This repository contains files to reproduce the training of the reduced MNIST dataset. The training is performed using a set of 2 layer vanilla neural networks, compiled with Keras.
The number of units in each of two hidden layers is set to be one of the 12 values: [8,16,24,32,56,64,96,128,256,512,1024,2048], with a total of 144 architectures.
These architectures are trained for 200 epochs with 100 different seeds and 6 learning rates. The final weights are fixed for the epoch showing thelowest validation error (not taking into account the first 50 epochs).

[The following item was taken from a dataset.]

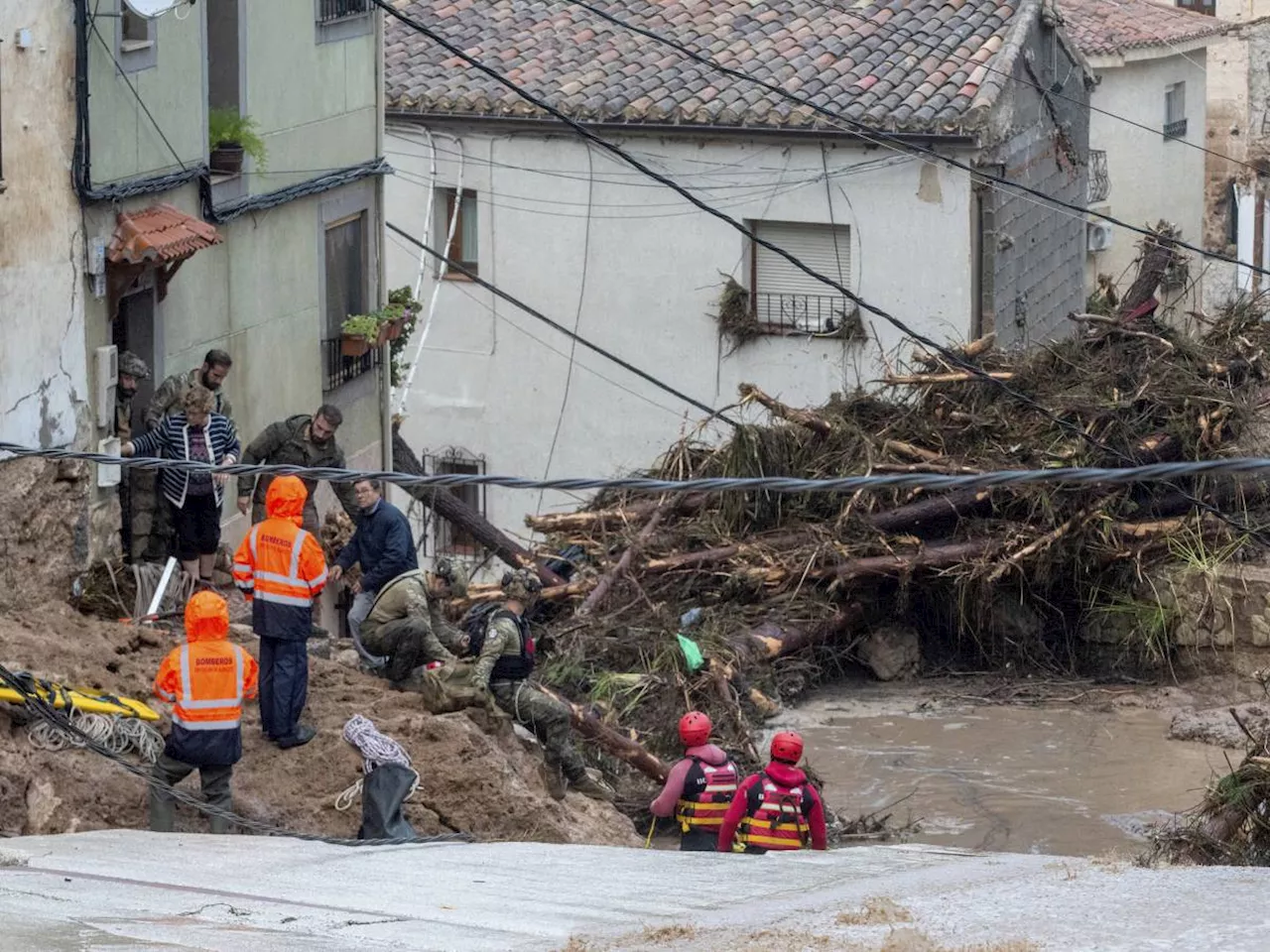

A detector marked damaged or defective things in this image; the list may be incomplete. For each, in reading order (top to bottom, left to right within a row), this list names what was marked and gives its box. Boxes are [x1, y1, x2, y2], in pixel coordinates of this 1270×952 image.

cracked wall [0, 1, 93, 611] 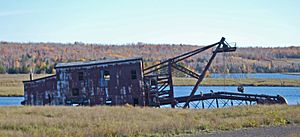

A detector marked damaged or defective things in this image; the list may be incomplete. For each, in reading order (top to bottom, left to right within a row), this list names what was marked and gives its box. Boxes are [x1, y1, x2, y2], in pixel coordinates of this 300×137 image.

rusty metal structure [22, 37, 286, 107] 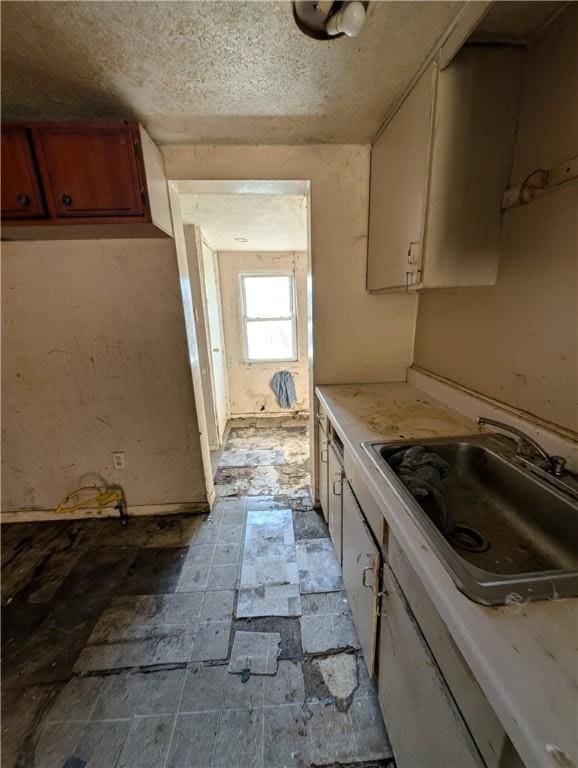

Before the training, the untrained accuracy (after a single forward pass) is assessed for the union of training and validation set, for each seed. We use this data to find the optimal predictive metric for the final accuracy, wich turns out to be the relative standard deviation of the untrained accuracy.
In other words, the untrained accuracy's standard deviation divided by its mean allows to distinguish one of the best performing architectures.
No need to train the model to know it's future performance. We continue digging in this direction.
numpy (1.16.1)
pandas (0.25.1)
scikit-learn (0.21.3)
h5py (2.8.0)
keras (0.8.0)
tensorflow-gpu (1.10.0)
*A GPU is required.
numpy (1.16.1)
pandas (0.25.1)
matplotlib (2.2.2)
h5py (2.8.0)
scipy (1.3.1)